Dataset excerpts:
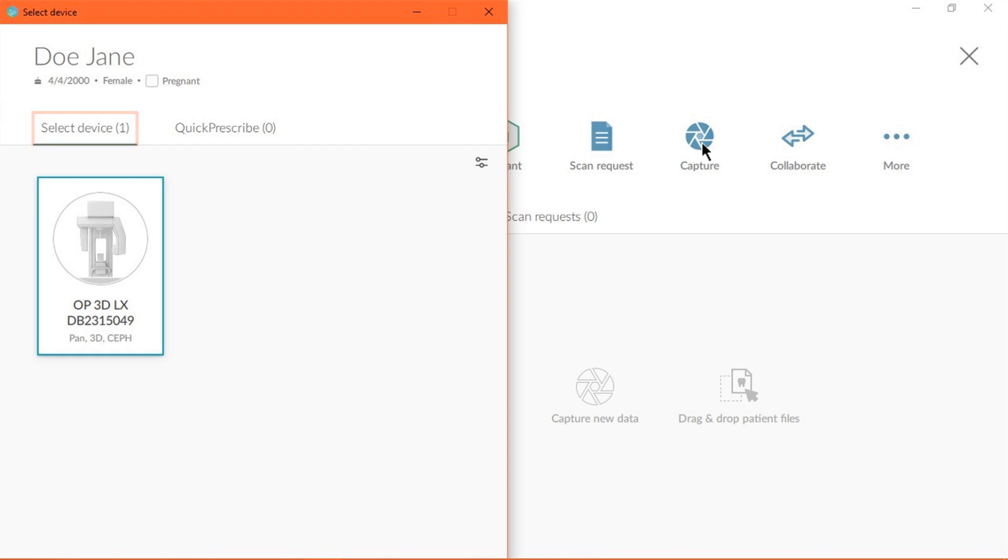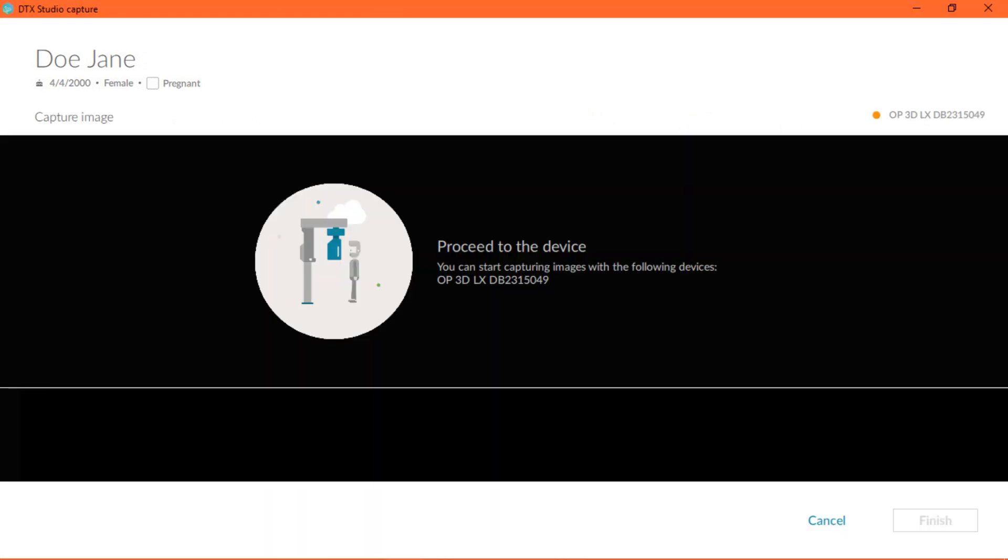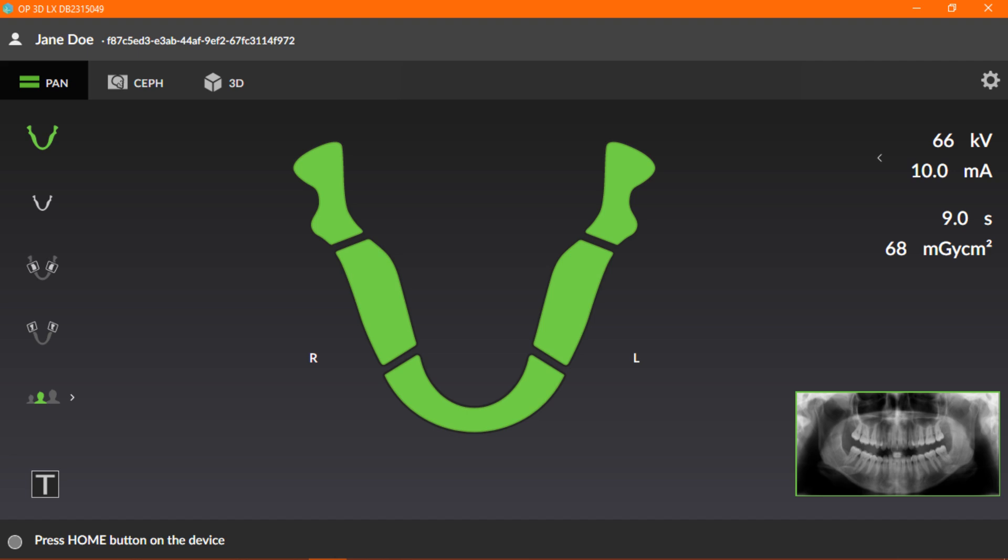Next, under Select Device, click OP3D LX. The Proceed to the Device window displays briefly until the imaging program loads. Once the imaging program is displayed, click the 3D tab.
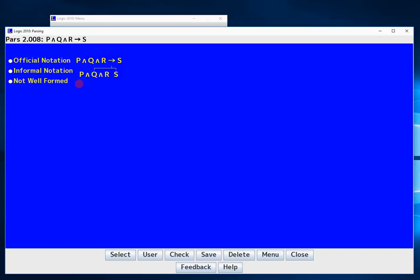But the question is when I have P and Q and R which is the main connective between these two conjunctions? Well we use the right hand rule and we realize that it's got to be this because they're all the same. And then it's got to be that one because that's the only connective left. At this point it's surely not official notation. It's also well formed so it's got to be informal.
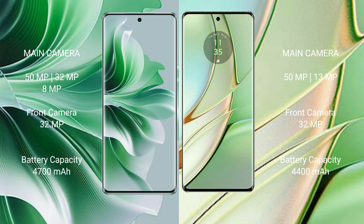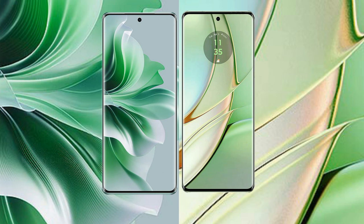Oppo Reno 11 Pro has 4,700 mAh battery with 80W fast charging support. Motorola Edge 40 has 4,400 mAh battery with 68W fast charging support.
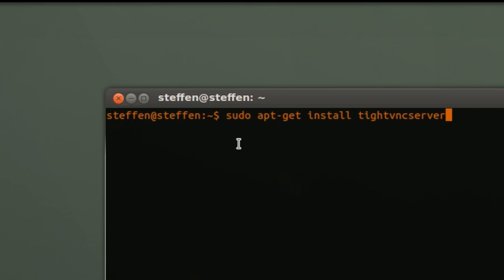After that, go ahead and type in vncserver -geometry and then put in your screen resolution which is 1366 by 768 in my case. Then I will hit enter.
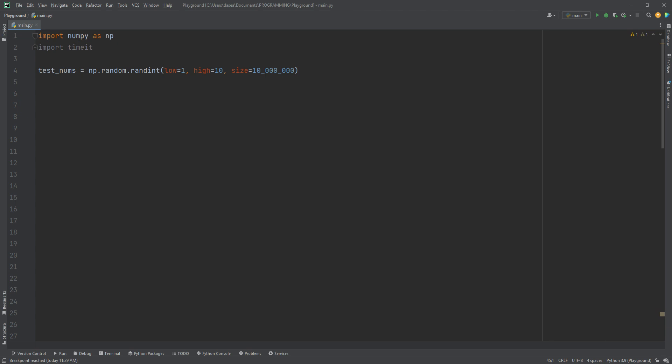And in our case, we're going to do one through ten. Now when I say one through ten, that means one through nine, not including ten. Then it also allows you to specify the size. In our case, we want to do 10 million because that's a magic number.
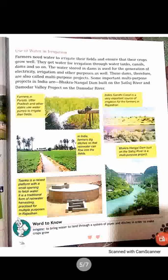The water stored in dams is used for the generation of electricity, irrigation, and other purposes as well. These dams are therefore also called multi-purpose projects.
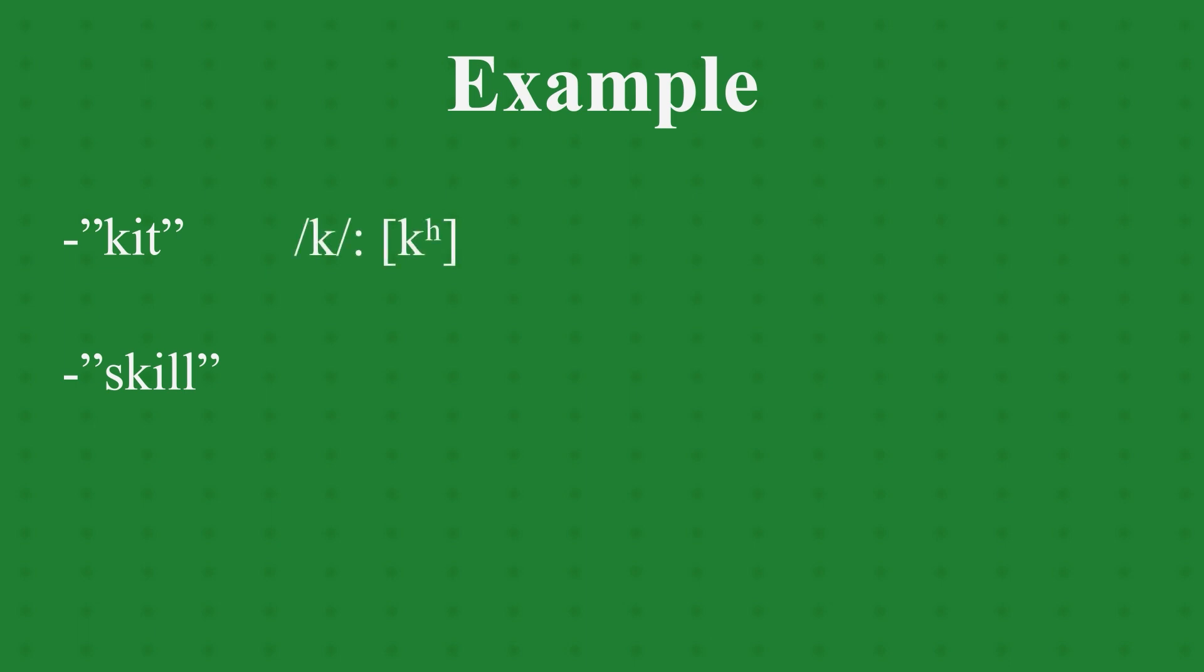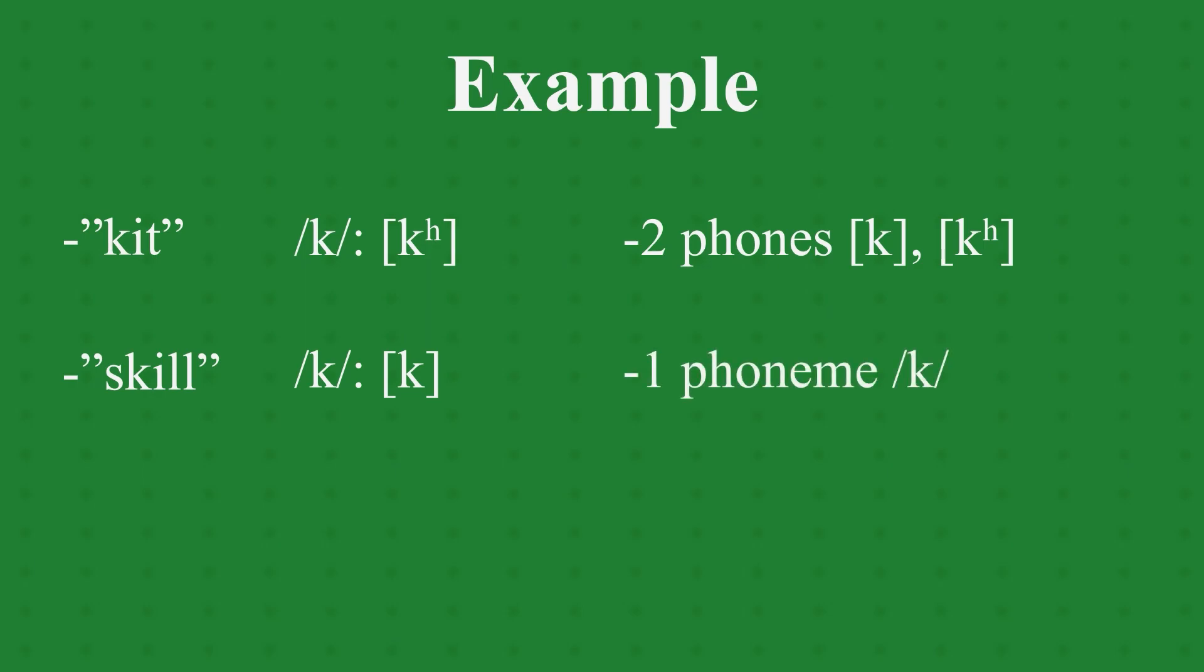In kit, we have k realized as an aspirated k. In skill, k is realized as k. These are two different phones as they are two different speech sounds. They are not different phonemes because they do not change the meaning of a word if swapped.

• [Problem to work on]: Please write out exactly the lines from the one containing "The water stored" through the last line of the records above, and leave out any pictures.

• [Answer section]:
The water stored in dams is used for the generation of electricity, irrigation, and other purposes as well. These dams are therefore also called multi-purpose projects.
In kit, we have k realized as an aspirated k. In skill, k is realized as k. These are two different phones as they are two different speech sounds. They are not different phonemes because they do not change the meaning of a word if swapped.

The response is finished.